[ABOUT THIS EXERCISE]: Only the lines below from the one that holds "lady noize online show from 09-30-25, 08:36" through the one that holds "54 Inch Printed Chiffon Fabric" should appear in the answer, copied exactly, end lines included and pictures omitted.

[LISTED RECORDS]:
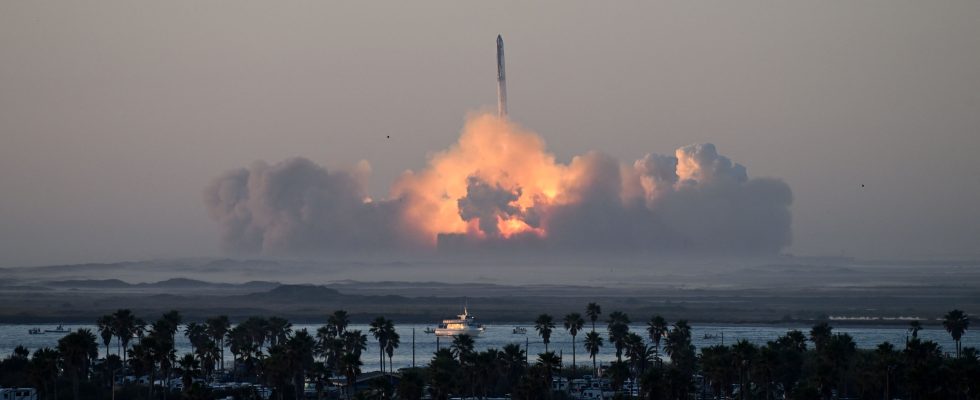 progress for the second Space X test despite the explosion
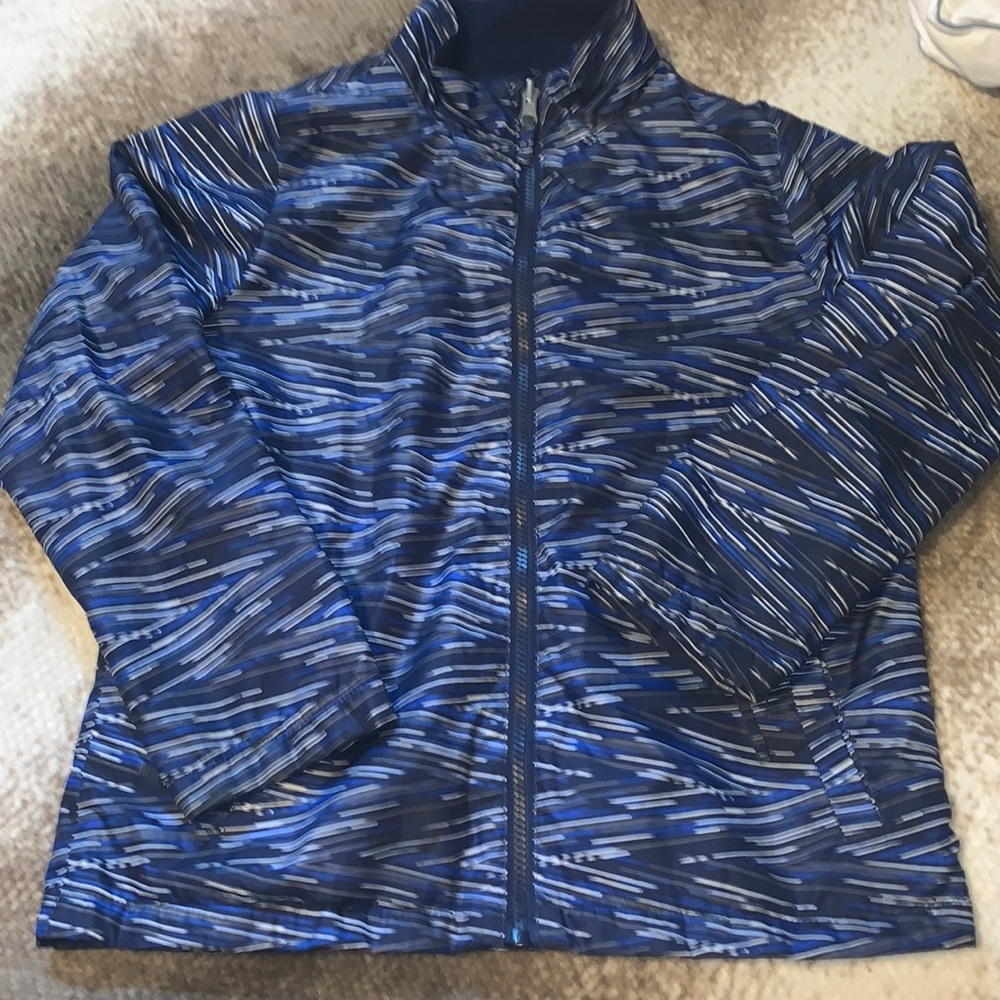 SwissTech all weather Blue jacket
---
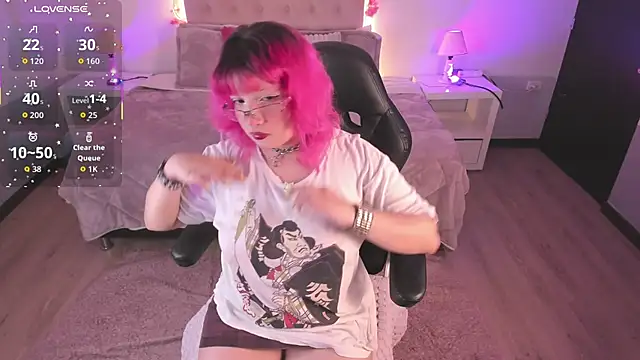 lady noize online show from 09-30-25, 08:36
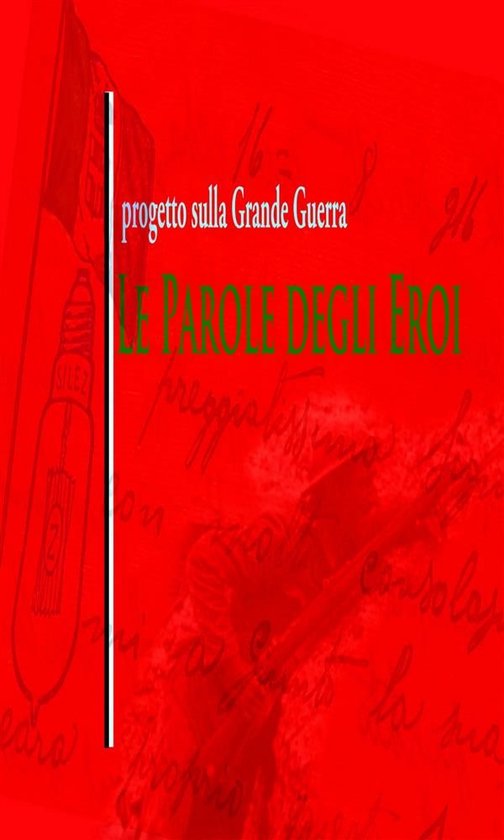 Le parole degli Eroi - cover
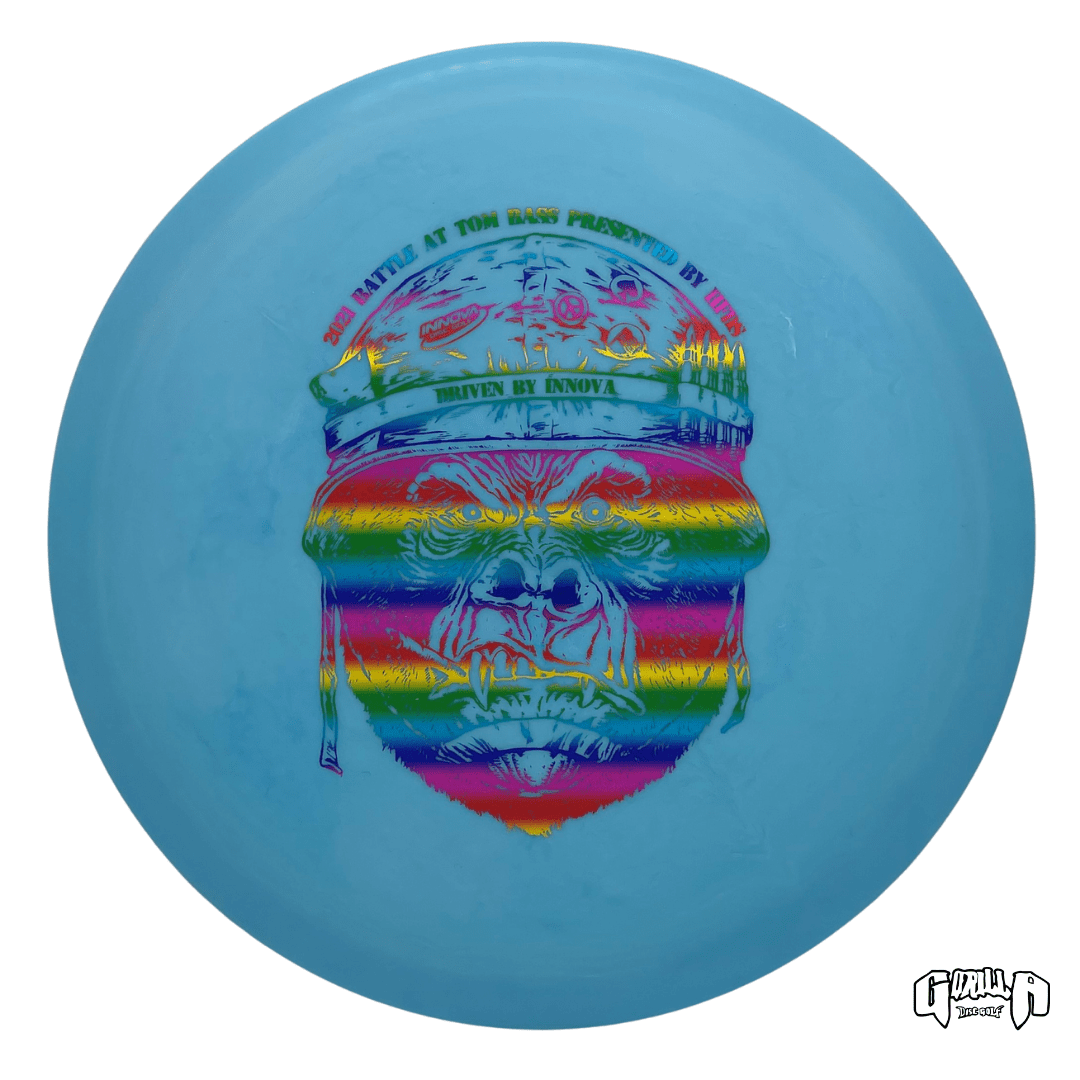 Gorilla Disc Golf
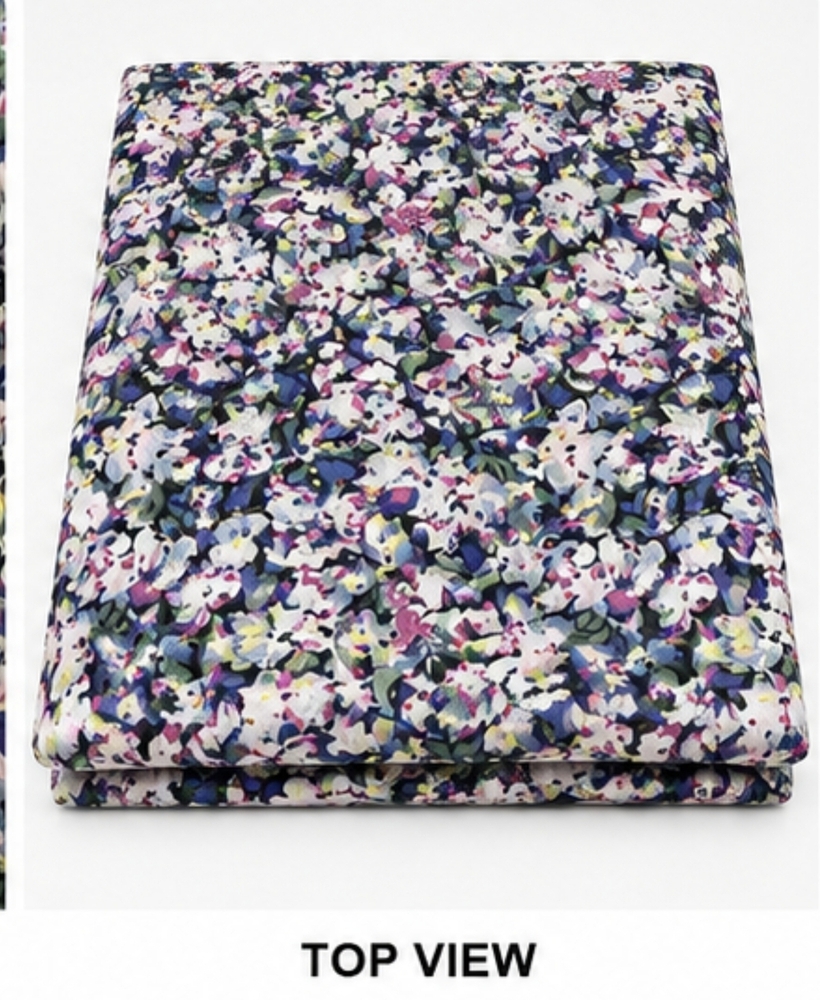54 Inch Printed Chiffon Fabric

[RESULT]:
 lady noize online show from 09-30-25, 08:36
 Le parole degli Eroi - cover
 Gorilla Disc Golf
54 Inch Printed Chiffon Fabric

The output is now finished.